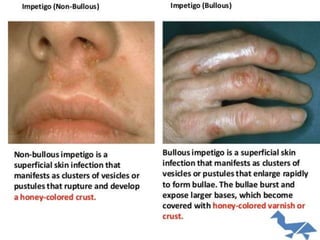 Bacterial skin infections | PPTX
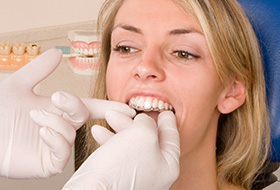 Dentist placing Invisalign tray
* * *
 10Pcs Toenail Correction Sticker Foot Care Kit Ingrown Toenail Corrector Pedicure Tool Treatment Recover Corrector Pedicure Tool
--
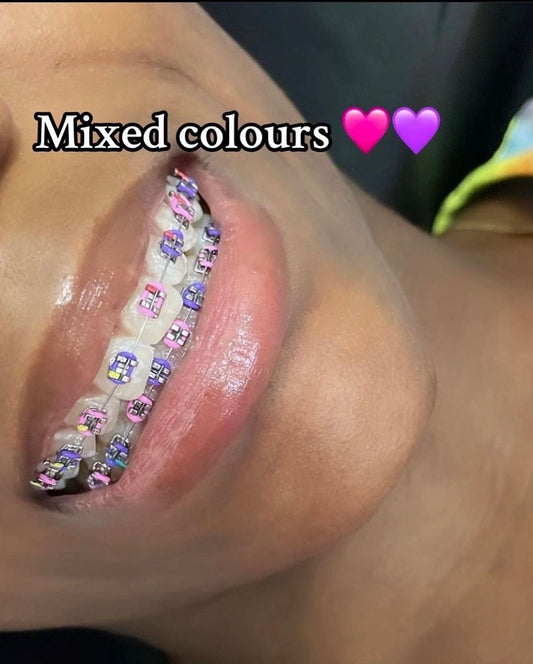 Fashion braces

What is required: Word for word, write out the lines above running from the one with "Bacterial skin infections | PPTX" up to and including the one with "Dentist placing Invisalign tray". Drop any picture.

Exercise output:
 Bacterial skin infections | PPTX
 Dentist placing Invisalign tray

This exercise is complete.